Please retype the records below exactly, from the first line through the line containing "Maison Chic Lit", and leave out any pictures.

^^^^

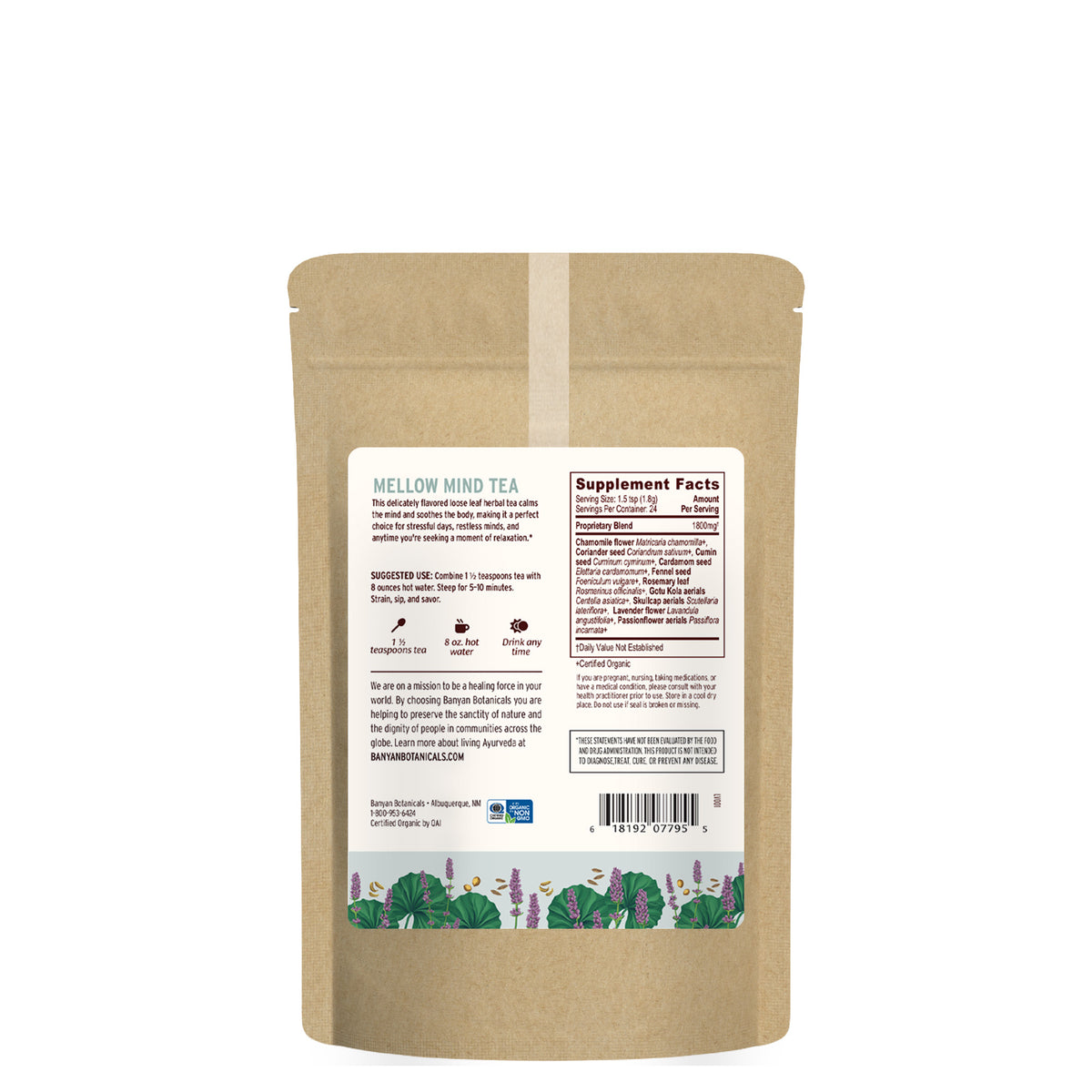 1.6 oz: back label and supplement facts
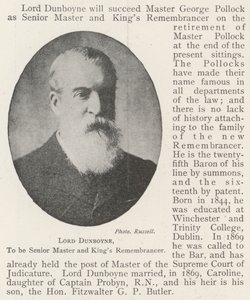 Lord Dunboyne, Senior Master und King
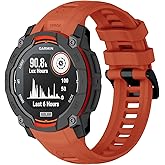 Silicone Bands Compatible with Garmin Instinct 3 Solar/Amoled 45mm 50mm Band, 22mm 26mm Rugged Silicone Sport Band for Garmin Instinct 2/Solar/Esports/Tide/Tactical/E 45mm Women Men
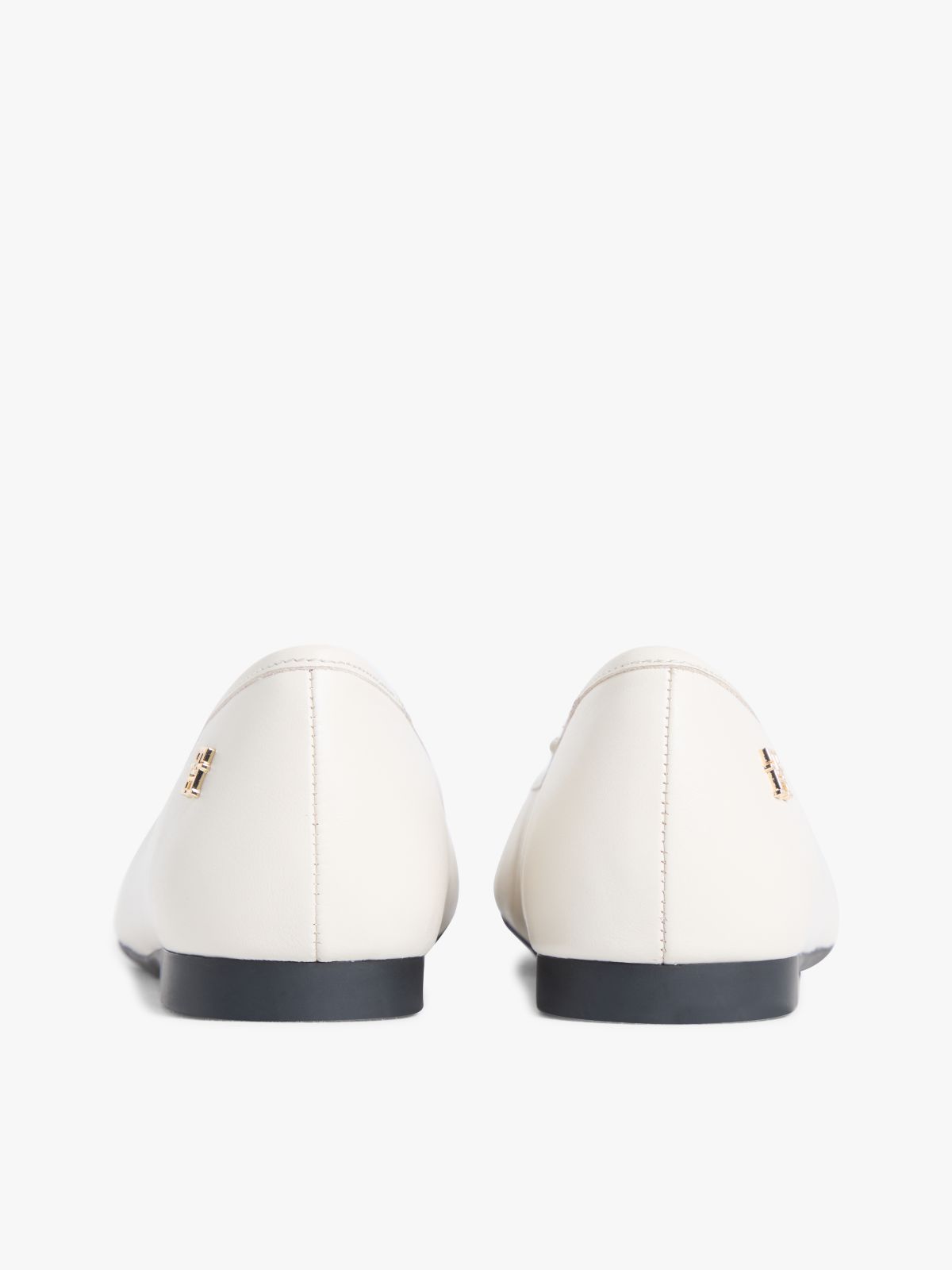 TH Monogram Leather Ballerinas — Beige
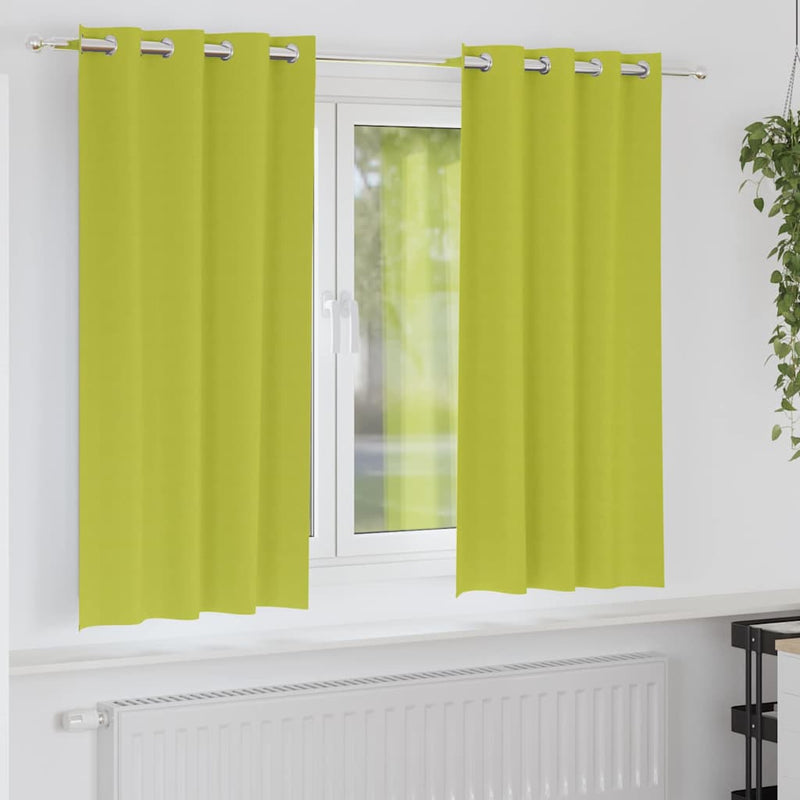 Chargez l'image dans la visionneuse de la galerie, Vidaxl zwart-out gordijnen met ringen 2 pcs groen 175 x 140 cm
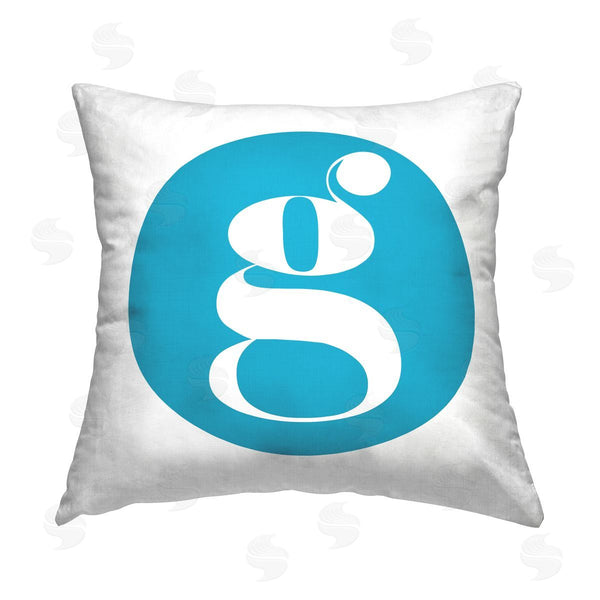 stupell industries Stupell Studio | Blue Initial G Printed Throw Pillow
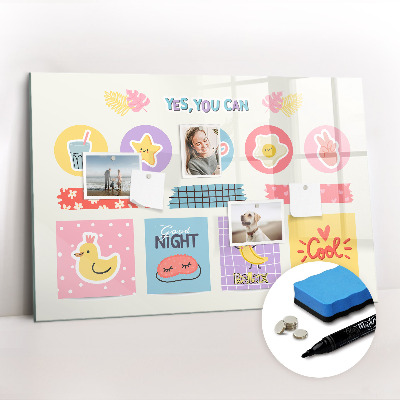 Uitwisbaar glazen planbord met magnetische functie Schoolplanner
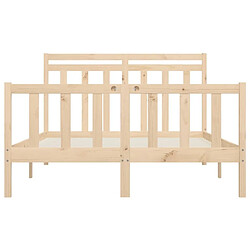 Maison Chic Lit Moderne Chambre - Cadre/structure de lit pour adulte Bois de pin massif 140x200 cm -MN11648 pas cher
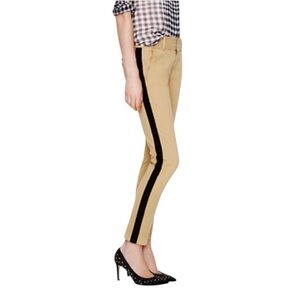 J. Crew Andie Chino Pant Tan with Black Stripe. Size 4 #1872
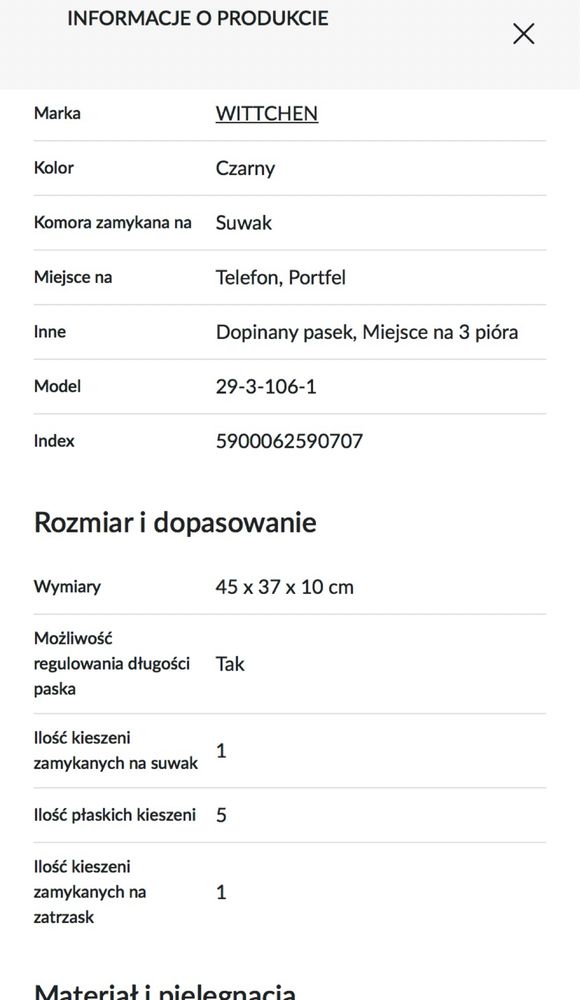 Wittchen nowa torba na laptopa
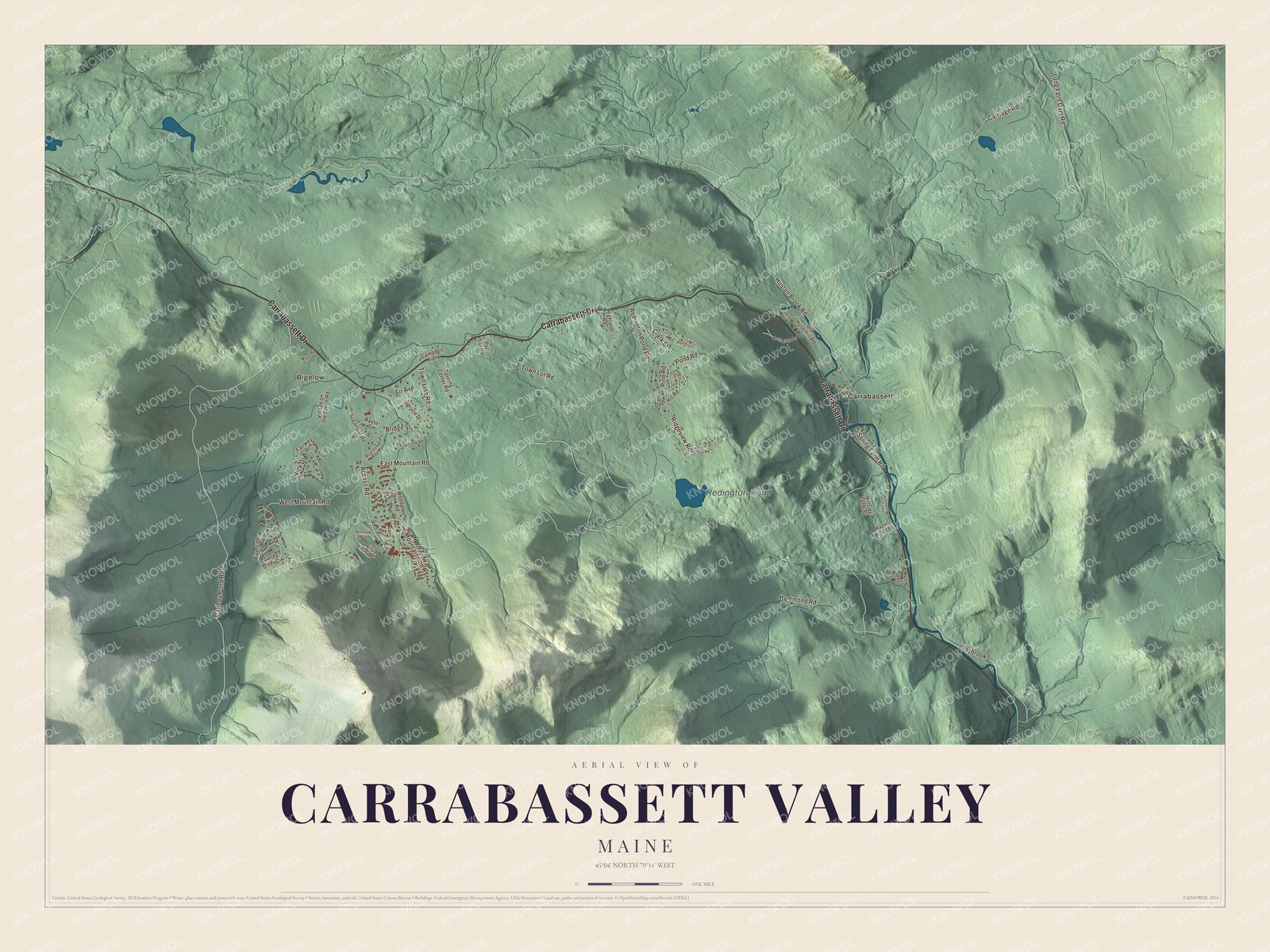 Protected watermarked complete map of Carrabassett Valley, Maine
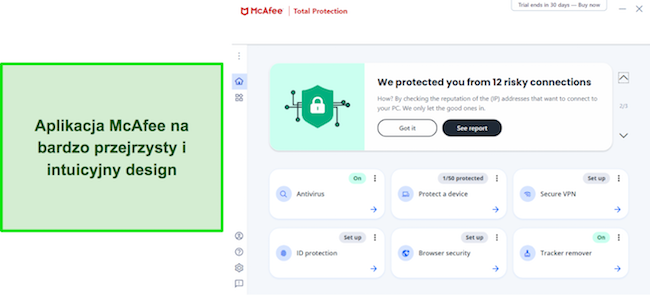 Zrzut ekranu przedstawiający pulpitowy interfejs McAfee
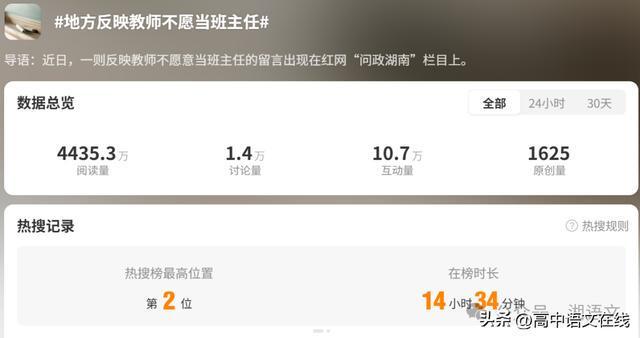 教师不愿当班主任现象引热议：责任重待遇低成主因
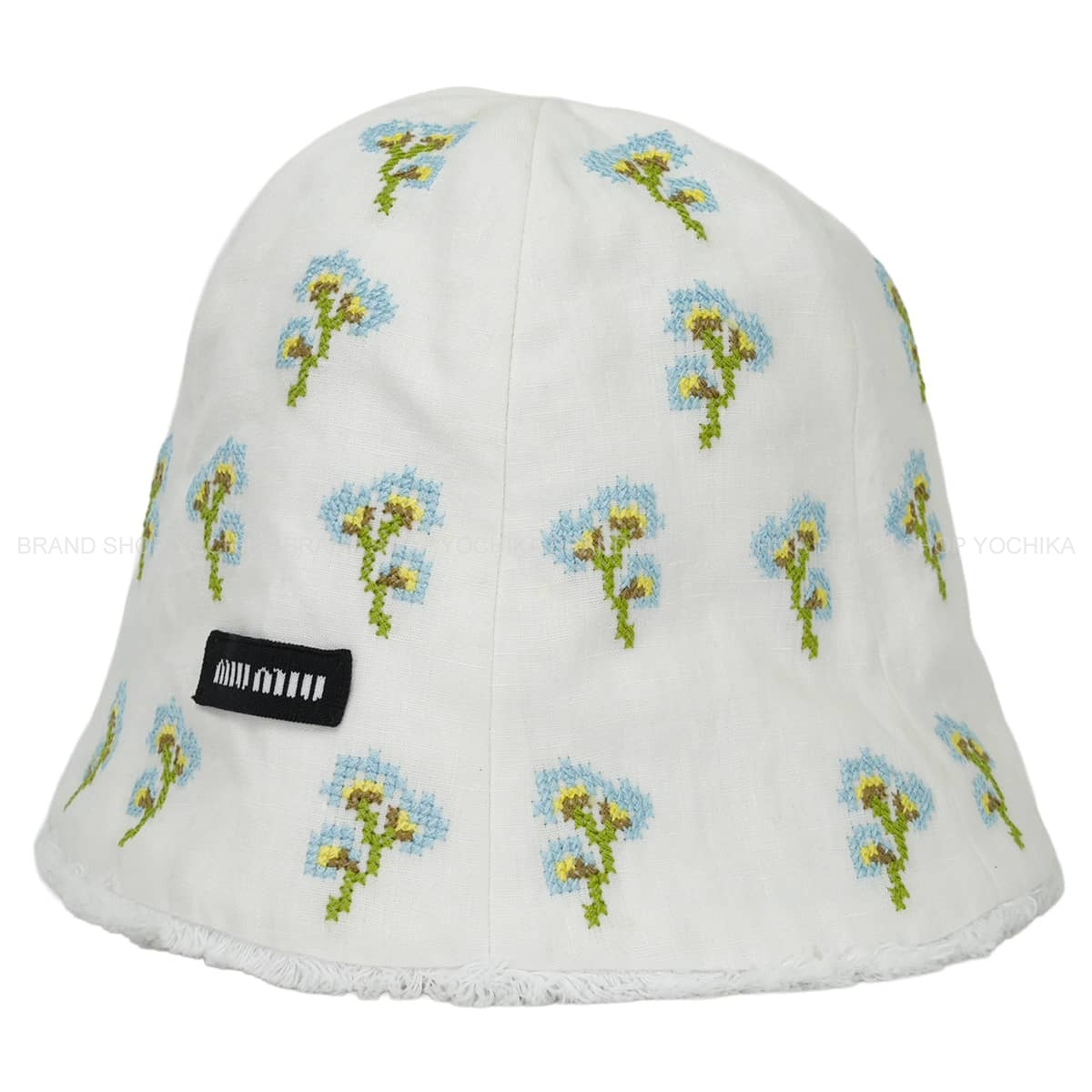 Miu Miu cap Beanie logo flower design embroideryBlanc (White)/Light blue Cotton 5HC502_2IHWF0W3D[EXCELLENT][Authentic]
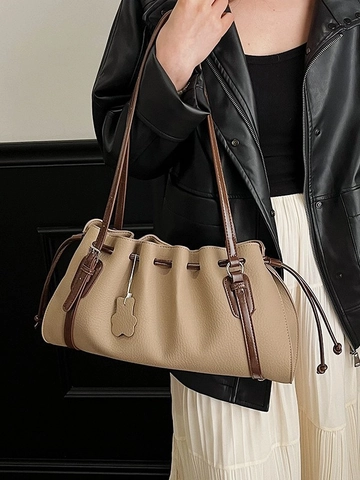 Vintage Gefaltete Unterarm Totentasche Damen PU Leder Große Kapazität Umhängetasche Mit Blumenanhänger Kordelzug Pendler Handtasche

^^^^

*Task output*.
 1.6 oz: back label and supplement facts
 Lord Dunboyne, Senior Master und King
 Silicone Bands Compatible with Garmin Instinct 3 Solar/Amoled 45mm 50mm Band, 22mm 26mm Rugged Silicone Sport Band for Garmin Instinct 2/Solar/Esports/Tide/Tactical/E 45mm Women Men
 TH Monogram Leather Ballerinas — Beige
 Chargez l'image dans la visionneuse de la galerie, Vidaxl zwart-out gordijnen met ringen 2 pcs groen 175 x 140 cm
 stupell industries Stupell Studio | Blue Initial G Printed Throw Pillow
 Uitwisbaar glazen planbord met magnetische functie Schoolplanner
 Maison Chic Lit Moderne Chambre - Cadre/structure de lit pour adulte Bois de pin massif 140x200 cm -MN11648 pas cher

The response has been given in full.